The only thing I’d change it to maybe make the divers invisible to the shark… just in case they make the connection SWIMMER = FOOD… Also, I think some of the cages have sharp edges which could hurt sharhy but that’s easily rectified.

Overall, anything that teaches humans a bit more about the marine environment, whether its watching a boring documentary or going for a dip with one, can’t be all that bad?

Tricam.
 
#16
I was in Oz two years ago over Christmas and the headline in the local paper read:

"Croc Kills Man, Stalks Mates"

So three blokes ooop north had been trail riding and decided to wash their bikes off in the stream. Bad idea - feck off big salt water crocodile does for one of them and chases the other two up a tree and waited for them.....got bored and stalked off some hours later

Just in case you thought from the headline that it had taken an unhealthy emotional interest in one of them and had taken to calling in the middle of the night etc...

http://www.theage.com.au/articles/2003/12/23/1071941726873.html?from=storyrhs
 

Cutaway

LE
Kit Reviewer
#18
Dzerzhinskiey said:
... it will be sharks that suffer.
I don't think they should suffer, but a good extermination is all that sort understand.
 

maninblack

LE
Book Reviewer
#19
I can never understand why divers are so stupid with sharks.

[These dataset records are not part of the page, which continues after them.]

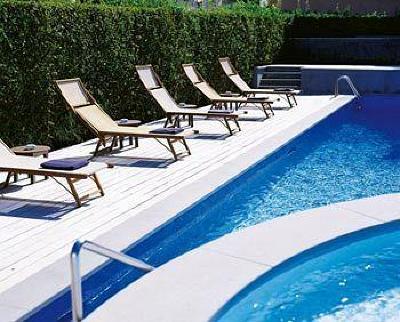 фото отеля Byron Hotel Forte dei Marmi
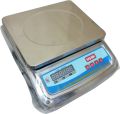 AC Silver VASABA vmr-ss-30 table top weighing scale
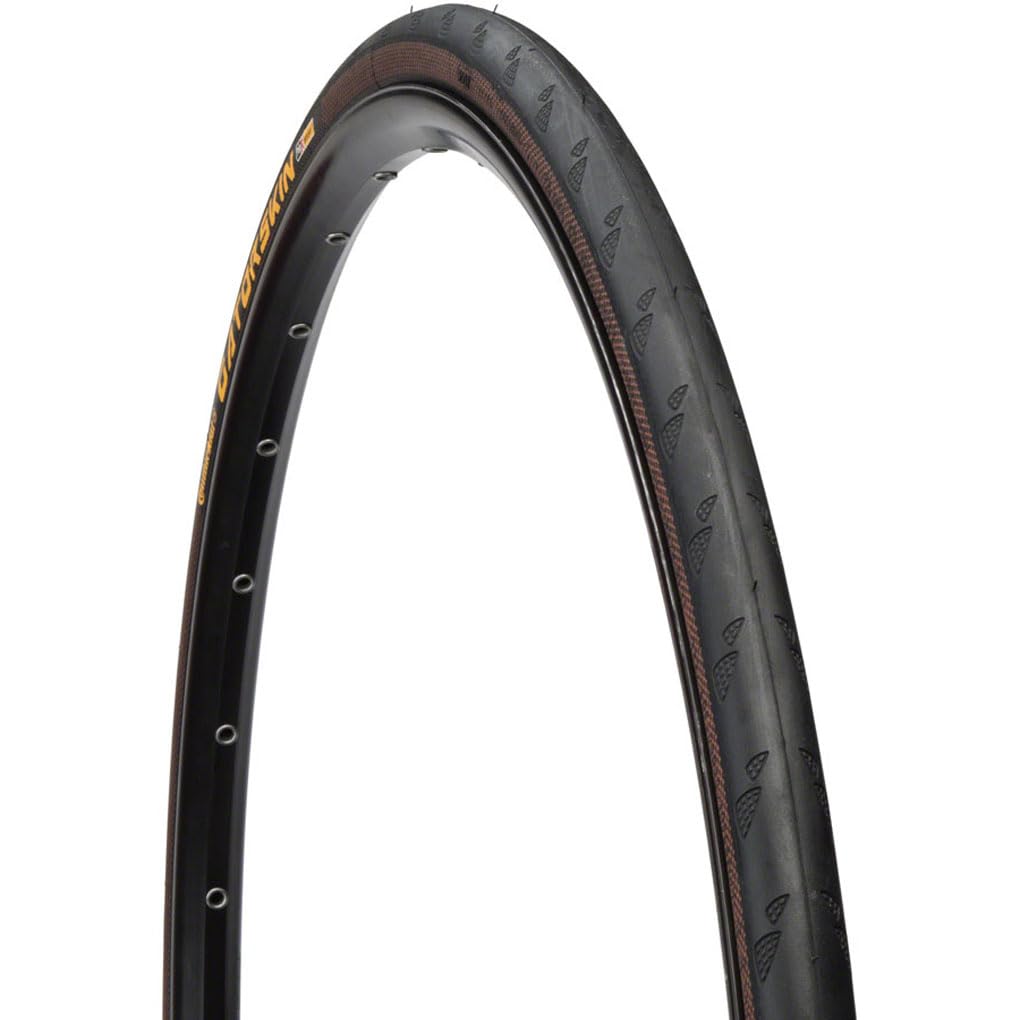 ContinentalGatorskin Tyre Black One Size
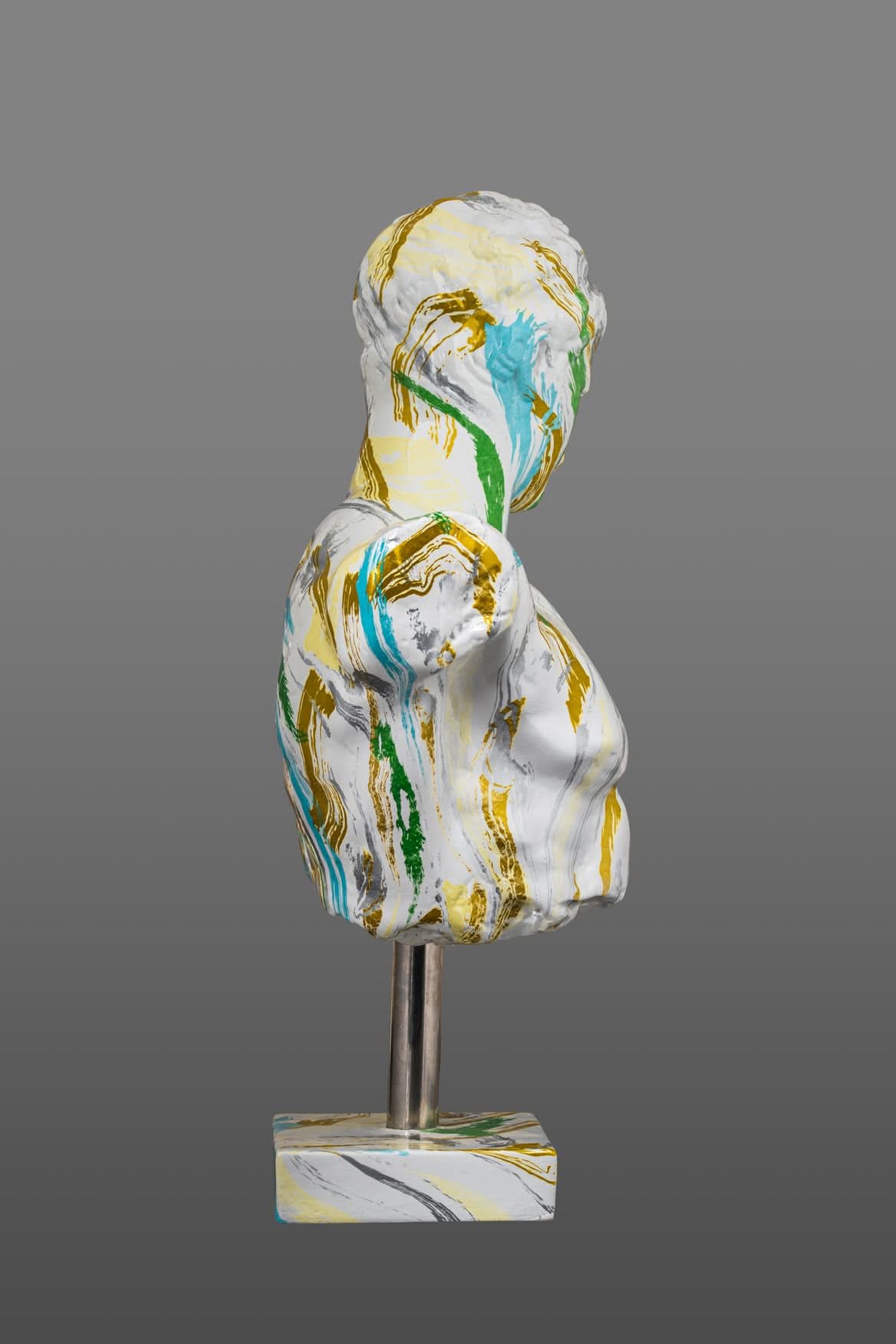 Timeless Virtue - Sculpture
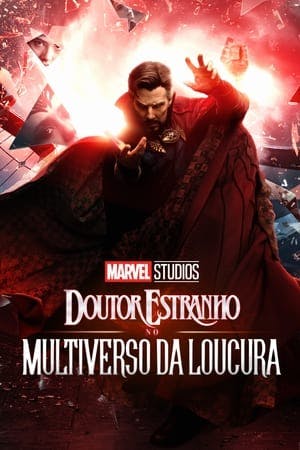 Doutor Estranho no Multiverso da Loucura Online em HD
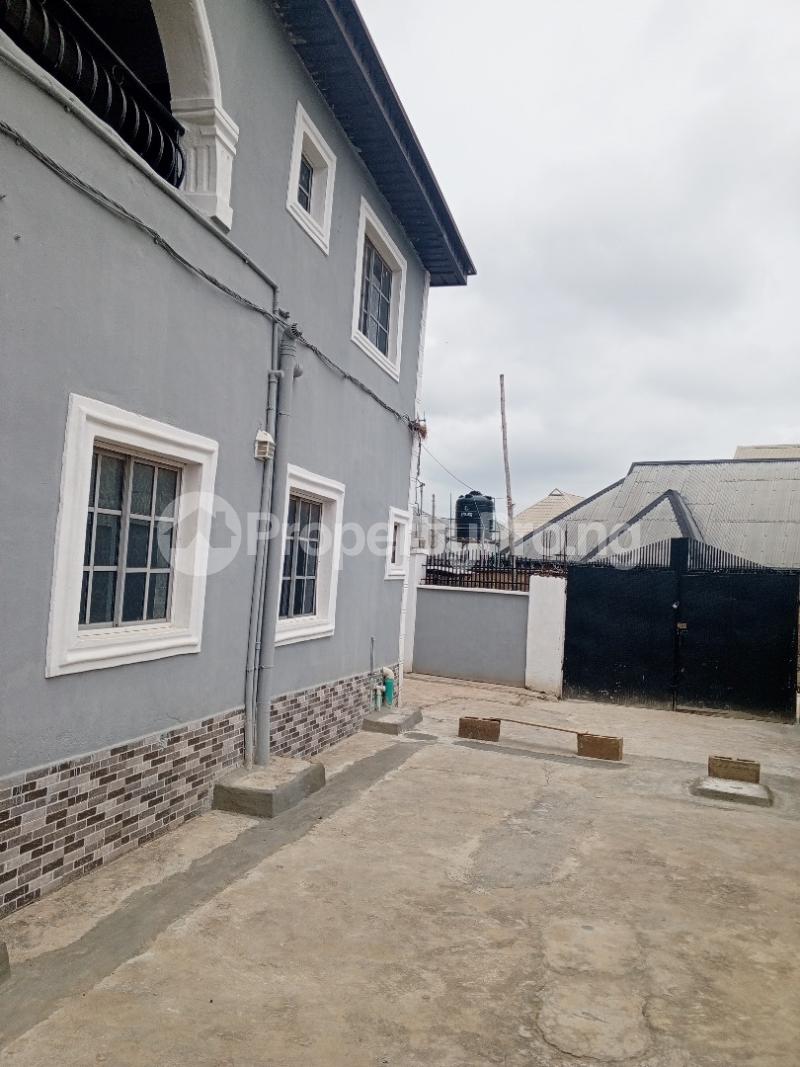 House for sale Icast, Elebu Akala Express Ibadan Oyo - 9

There are divers who get bitten by "safe" sharks such as nurse and reef sharks because instructors have shown them how to grab the shark's fin and ride on its back.....then they wonder why a two metre long predator, all be it a fairly placid one, bites them.

Next time you go to the park with the kids, walk up to a golden retriever, grab it round the neck and try and sit on it.

Most of them will struggle and run away but some will turn round and bite your throat out.......would you be surprised at that? So why do they do it to sharks?